Aim of the task: Repeat nothing but the lines below running from the one containing "What's up everybody?" to the one containing "If we want to". Keep both end lines.

Data section:
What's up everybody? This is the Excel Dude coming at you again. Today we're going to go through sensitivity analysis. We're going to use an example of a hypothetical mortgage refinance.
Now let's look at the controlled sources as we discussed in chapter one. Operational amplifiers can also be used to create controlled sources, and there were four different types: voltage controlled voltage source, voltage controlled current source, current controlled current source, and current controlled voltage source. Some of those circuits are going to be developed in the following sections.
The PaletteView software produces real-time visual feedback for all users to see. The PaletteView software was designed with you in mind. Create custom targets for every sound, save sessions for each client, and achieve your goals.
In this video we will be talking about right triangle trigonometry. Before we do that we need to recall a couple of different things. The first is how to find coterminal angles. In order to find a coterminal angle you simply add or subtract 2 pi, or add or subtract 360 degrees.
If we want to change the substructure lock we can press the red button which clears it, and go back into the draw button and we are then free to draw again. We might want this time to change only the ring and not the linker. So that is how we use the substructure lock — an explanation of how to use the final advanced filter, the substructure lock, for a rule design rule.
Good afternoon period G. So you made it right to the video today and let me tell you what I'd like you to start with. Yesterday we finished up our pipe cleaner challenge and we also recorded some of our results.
---
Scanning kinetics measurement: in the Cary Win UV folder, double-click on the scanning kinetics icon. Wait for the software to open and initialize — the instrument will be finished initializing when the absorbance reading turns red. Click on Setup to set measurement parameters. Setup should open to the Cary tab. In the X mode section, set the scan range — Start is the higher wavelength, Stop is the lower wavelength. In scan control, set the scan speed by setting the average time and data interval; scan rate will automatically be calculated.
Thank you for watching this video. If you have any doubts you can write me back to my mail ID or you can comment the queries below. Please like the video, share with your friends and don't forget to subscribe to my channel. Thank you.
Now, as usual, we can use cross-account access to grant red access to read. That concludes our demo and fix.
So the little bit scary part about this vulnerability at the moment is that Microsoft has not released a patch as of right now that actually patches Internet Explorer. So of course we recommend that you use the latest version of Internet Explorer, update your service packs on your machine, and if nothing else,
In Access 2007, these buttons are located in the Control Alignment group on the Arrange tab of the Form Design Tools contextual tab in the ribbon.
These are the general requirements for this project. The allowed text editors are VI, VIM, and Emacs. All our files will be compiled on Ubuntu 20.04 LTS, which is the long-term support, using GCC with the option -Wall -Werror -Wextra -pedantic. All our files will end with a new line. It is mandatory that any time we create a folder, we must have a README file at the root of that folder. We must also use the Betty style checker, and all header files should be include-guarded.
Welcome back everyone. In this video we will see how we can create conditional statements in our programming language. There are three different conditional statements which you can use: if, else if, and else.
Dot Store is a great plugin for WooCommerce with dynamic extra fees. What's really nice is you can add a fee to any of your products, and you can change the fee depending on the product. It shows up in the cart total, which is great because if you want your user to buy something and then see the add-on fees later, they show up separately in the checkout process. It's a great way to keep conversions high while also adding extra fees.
==
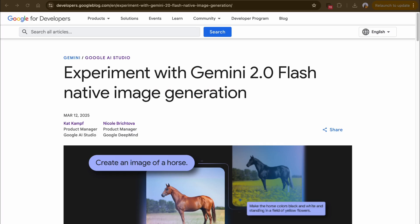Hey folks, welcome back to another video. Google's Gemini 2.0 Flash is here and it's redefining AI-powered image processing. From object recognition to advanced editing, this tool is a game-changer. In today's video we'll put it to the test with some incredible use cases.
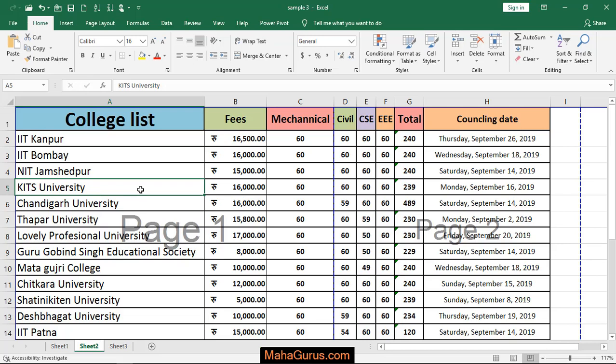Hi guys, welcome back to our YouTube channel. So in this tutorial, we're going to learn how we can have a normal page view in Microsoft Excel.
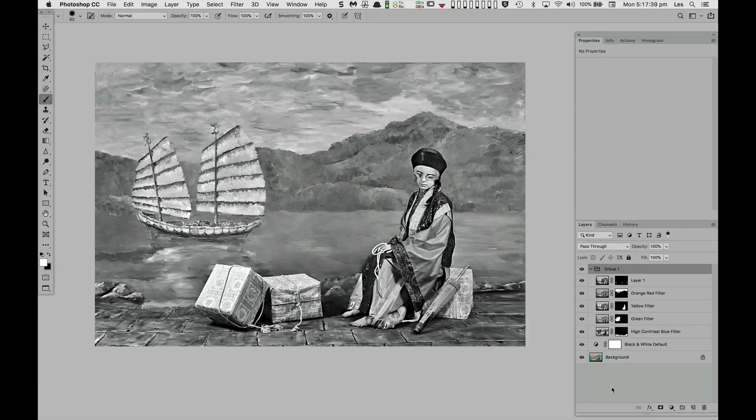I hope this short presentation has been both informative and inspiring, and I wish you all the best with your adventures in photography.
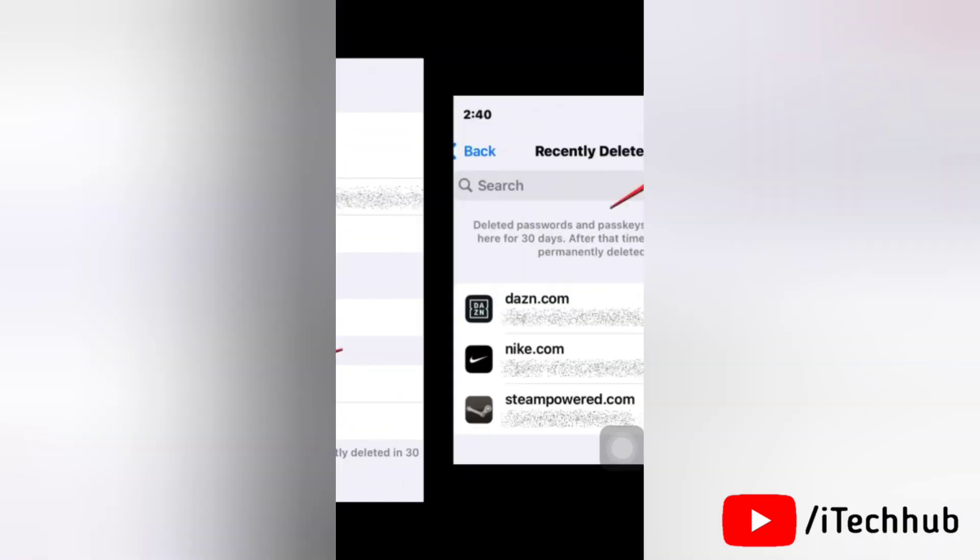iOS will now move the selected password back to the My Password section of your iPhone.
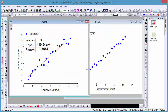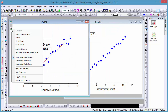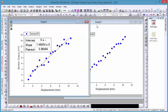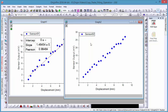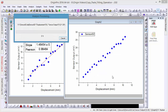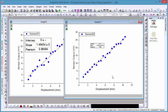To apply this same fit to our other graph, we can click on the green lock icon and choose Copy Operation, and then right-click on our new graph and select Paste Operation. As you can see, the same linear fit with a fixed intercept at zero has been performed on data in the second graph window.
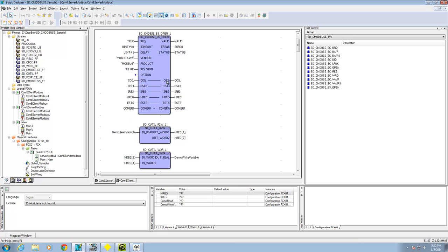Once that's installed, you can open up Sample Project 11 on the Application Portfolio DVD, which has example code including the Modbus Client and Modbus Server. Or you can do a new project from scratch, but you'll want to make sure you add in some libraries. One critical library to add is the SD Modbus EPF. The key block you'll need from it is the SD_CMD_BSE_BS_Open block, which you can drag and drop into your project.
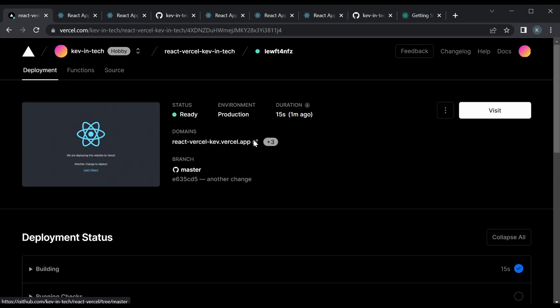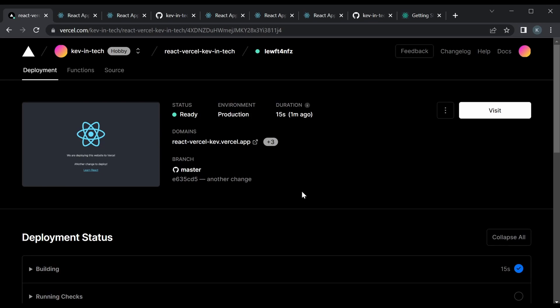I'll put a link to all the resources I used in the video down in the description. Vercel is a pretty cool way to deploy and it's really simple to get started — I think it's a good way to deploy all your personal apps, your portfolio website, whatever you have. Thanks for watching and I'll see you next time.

Task solution:
What's up everybody? This is the Excel Dude coming at you again. Today we're going to go through sensitivity analysis. We're going to use an example of a hypothetical mortgage refinance.
Now let's look at the controlled sources as we discussed in chapter one. Operational amplifiers can also be used to create controlled sources, and there were four different types: voltage controlled voltage source, voltage controlled current source, current controlled current source, and current controlled voltage source. Some of those circuits are going to be developed in the following sections.
The PaletteView software produces real-time visual feedback for all users to see. The PaletteView software was designed with you in mind. Create custom targets for every sound, save sessions for each client, and achieve your goals.
In this video we will be talking about right triangle trigonometry. Before we do that we need to recall a couple of different things. The first is how to find coterminal angles. In order to find a coterminal angle you simply add or subtract 2 pi, or add or subtract 360 degrees.
If we want to change the substructure lock we can press the red button which clears it, and go back into the draw button and we are then free to draw again. We might want this time to change only the ring and not the linker. So that is how we use the substructure lock — an explanation of how to use the final advanced filter, the substructure lock, for a rule design rule.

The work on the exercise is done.